On the other side Hannibal ordered each commander of the foreign mercenaries to address his own men, appealing to their greed for booty, and bidding them be sure of victory from his presence and that of the forces he had brought back. With the Carthaginian levies he ordered
their commanders to dwell on the sufferings of their wives and children should the Romans conquer. Then to his own men he spoke personally, reminding them of their seventeen years' comradeship and invincibility, of the victory of Trebia won over the father of the present Roman general, of Trasimene and Cannæ—“ battles with which the action in which we are about to engage is not worthy of comparison.” Speaking thus, he bade them cast their eyes on the opposing army and see for themselves that the Romans were fewer in numbers, and further, only a fraction of the forces they had conquered in Italy.
The dispositions made by the rival leaders have several features of note. Scipio placed his heavy Roman foot—he had probably two legions—in the centre; Lælius with the Italian cavalry on the left wing, and on the right wing Masinissa with the whole of the Numidians, horse and foot, the latter presumably prolonging the centre and the cavalry on their outer flank.

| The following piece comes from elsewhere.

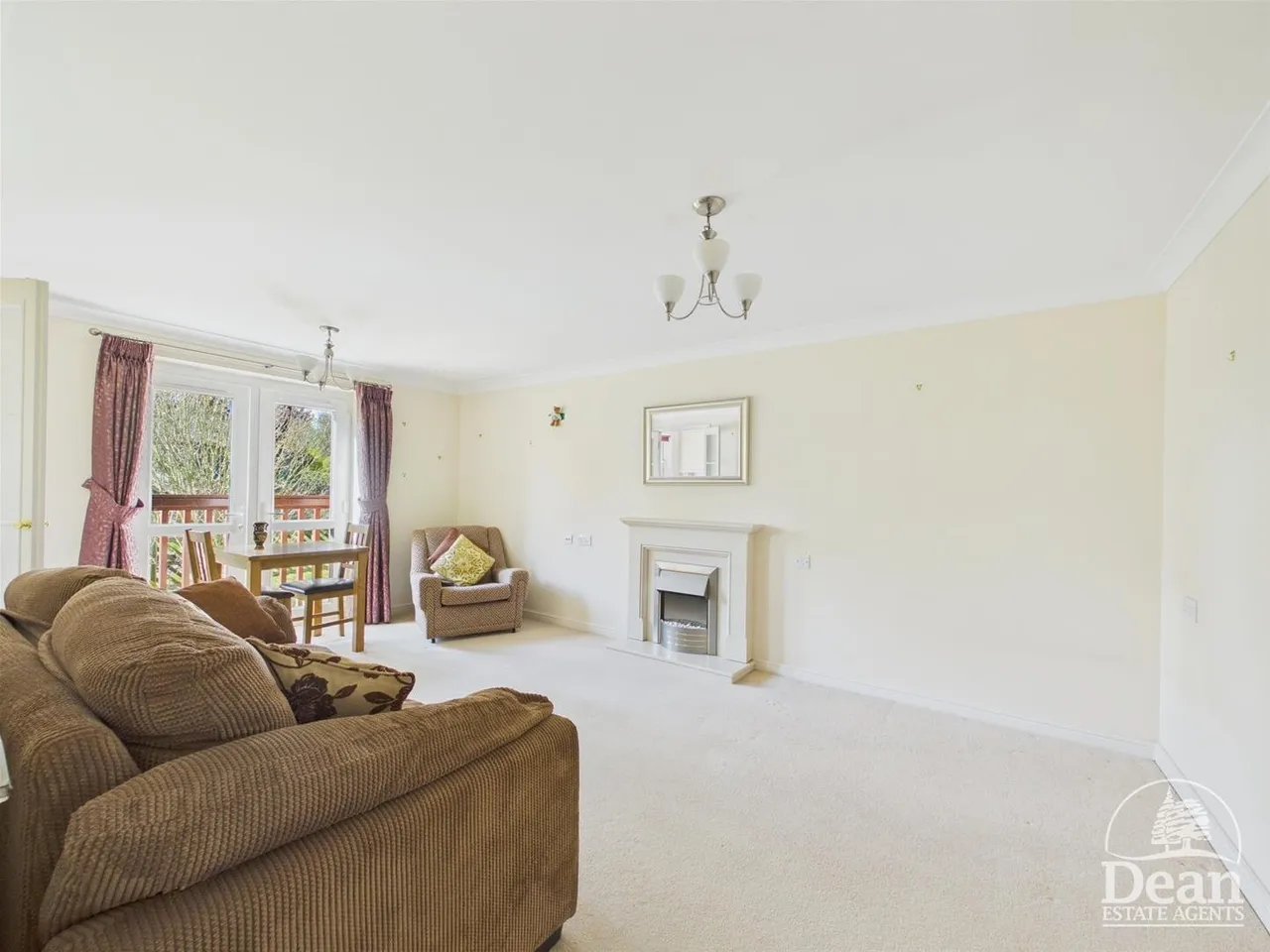 Kings Meadow Court, Lydney, photo 7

The heavy infantry were drawn up in the normal three lines, first the
hastati,
then the
principes,
and finally the
triarii.
But instead of adopting the usual chequer formation, with the maniples of the second line opposite to and covering the intervals between the maniples of the first line, he ranged the maniples forming the rear lines directly behind the respective
maniples of the first line. Thus he formed wide lanes between each cohort—which was primarily composed of one maniple of
hastati,
one of
principes,
and one of
triarii.
His object was twofold : on the one hand, to provide an antidote to the menace of Hannibal's war elephants and to guard against the danger that their onset might throw his ranks into disorder; on the other, to oil the working of his own machine by facilitating the sallies and retirements of his skirmishers. These
velites
he placed in the intervals in the first line, ordering them to open the action, and if they were forced back by the charge of the elephants, to retire. Even this withdrawal he governed by special instructions, ordering those who had time to fall back by the straight passages and pass right to the rear of the army, and those who were overtaken to turn right or left as soon as they passed the first line, and make their way along the lateral lanes between the lines. This wise provision economised life, ensured smooth functioning, and increased the offensive power—a true fulfilment of economy of force. It may even be termed the origin of modern extended order, for its object was the same—to negative the effect of the enemy's projectiles by creating empty intervals, a reduction of the target by dispersion, the only difference being
that Hannibal's projectiles were animal, not mineral.